▶ [What to produce]
In the material below, find the line with "생로병사의 비밀 (사진=KBS)" and the line with "Gorro de Terapia", then output both and every line between them exactly, omitting pictures.

####

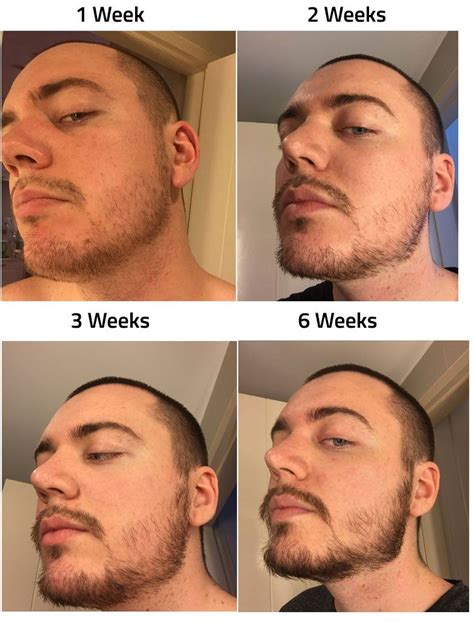 Minoxidil Before And After Beard Result - How Effective Is Minoxidil ...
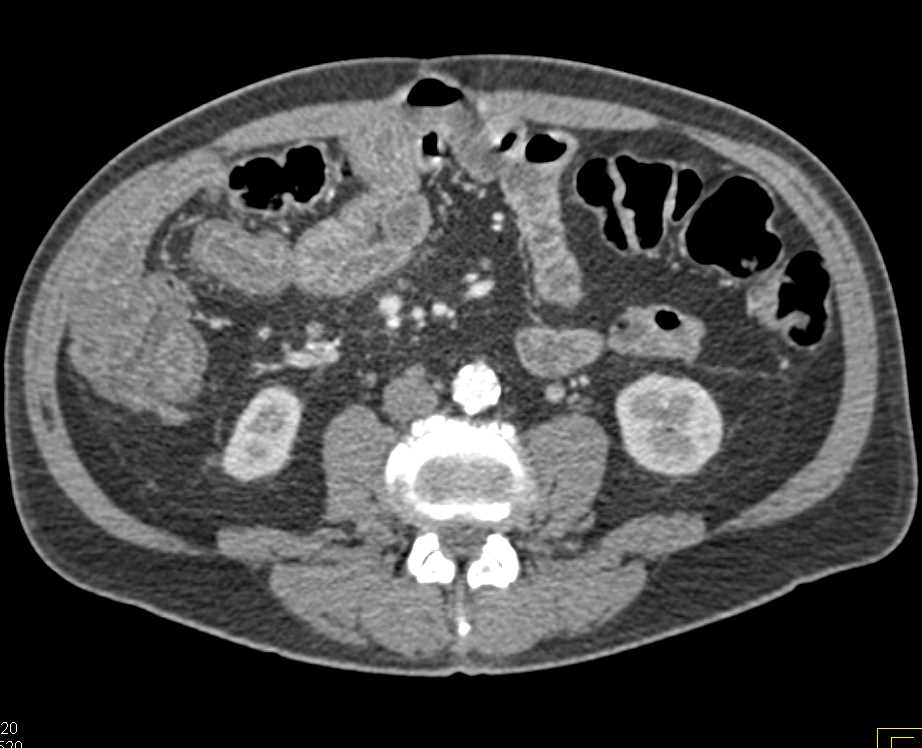 Infectious Enteritis Involving the Ileum - CTisus CT Scan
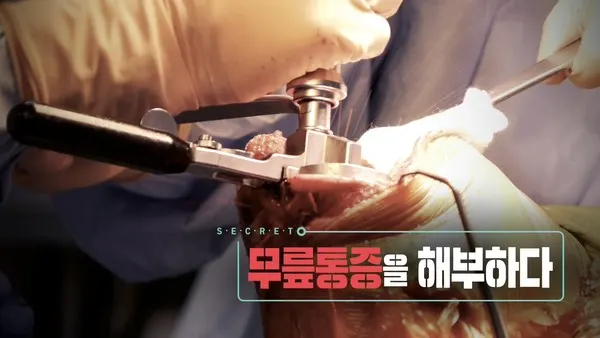 생로병사의 비밀 (사진=KBS)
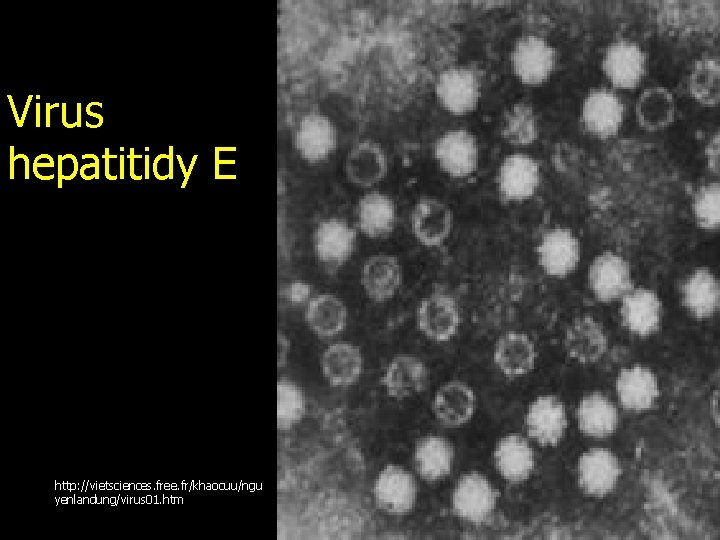 Virus hepatitidy E http: //vietsciences. free. fr/khaocuu/ngu yenlandung/virus 01. htm 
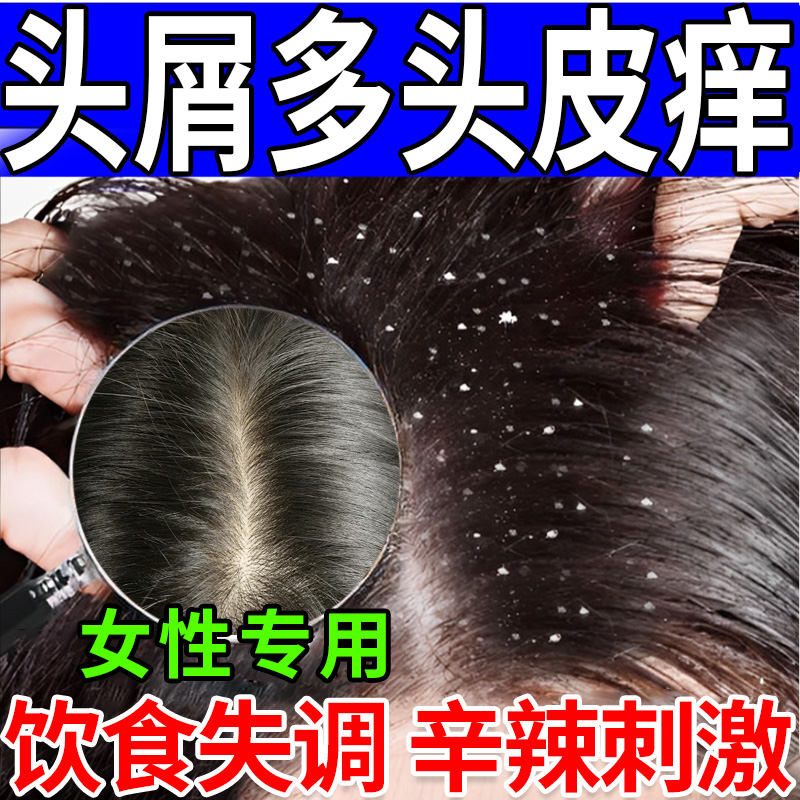 头皮屑脂溢性皮炎真菌感染头癣洗发水儿童去屑止痒头部喷剂头癣LG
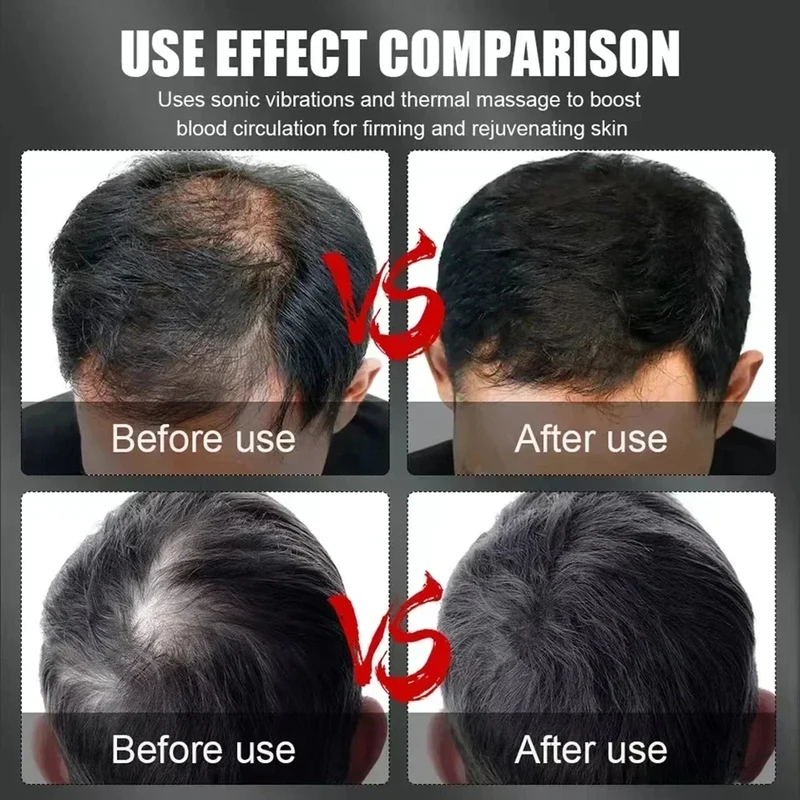 Gorro de Terapia Capilar con L - Hair Care reseña y precio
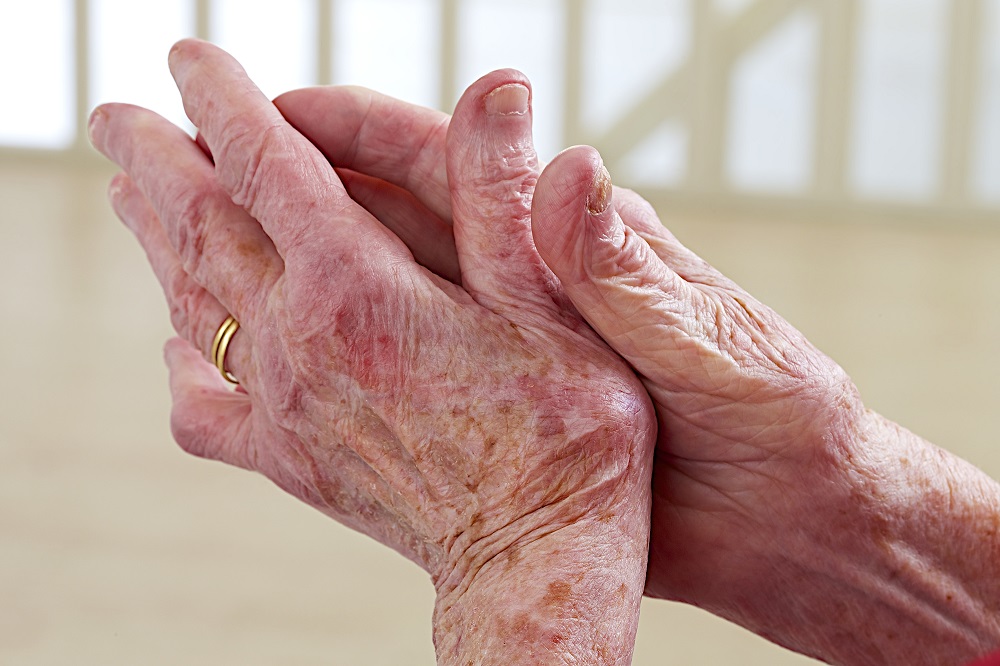 Arthrosis of thumb and finger joints is more common in elderly people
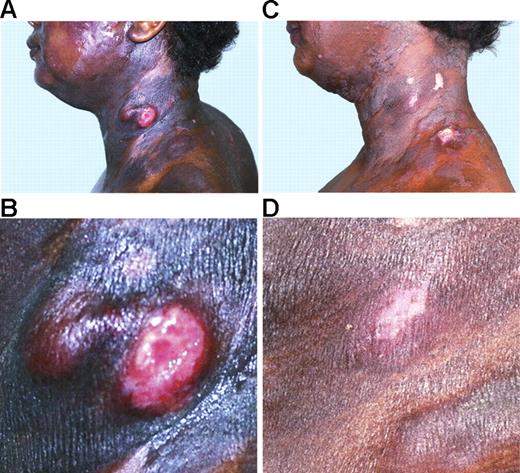 Figure 3. Complete clearance of a tumor in a patient with advanced-stage mycosis fungoides (stage IVA). (A-B) Baseline. (C-D) Cleared tumor at week 8.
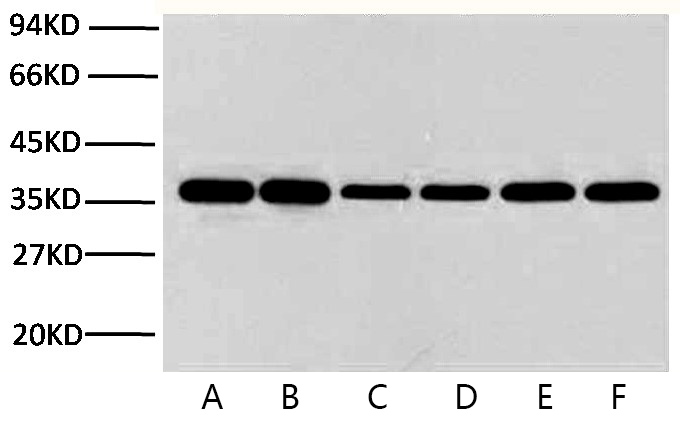 Fig.2. GAPDH表达的WB实验，样本分别为Hela (lane 1）， rat brain (lane 2）， Mouse brain (lane 5）各10 ug，一抗为GAPDH小鼠单克隆抗体(2B5)（A01020，1：10000），二抗为山羊抗小鼠IgG（A21010， 1: 10000）。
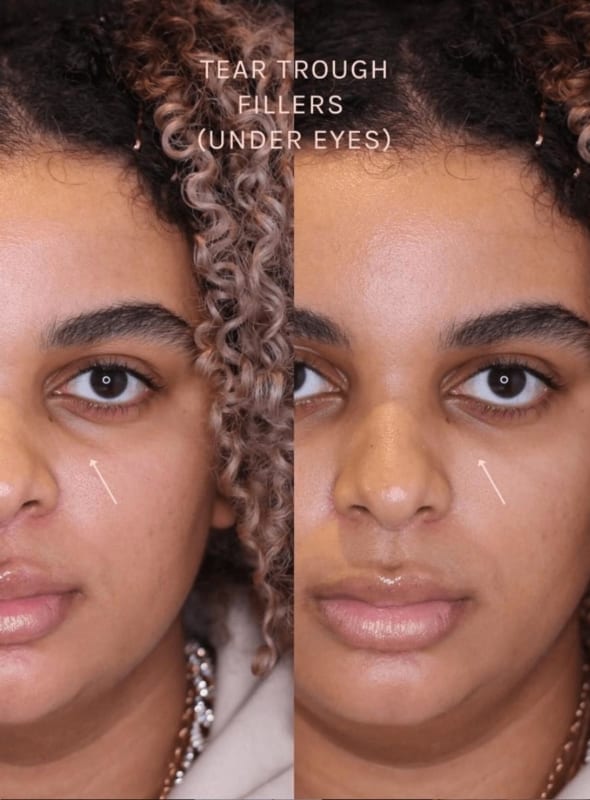 Cheat sleep: the best treatments for looking more awake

####

▶ [Result below]
 생로병사의 비밀 (사진=KBS)
 Virus hepatitidy E http: //vietsciences. free. fr/khaocuu/ngu yenlandung/virus 01. htm 
 头皮屑脂溢性皮炎真菌感染头癣洗发水儿童去屑止痒头部喷剂头癣LG
 Gorro de Terapia Capilar con L - Hair Care reseña y precio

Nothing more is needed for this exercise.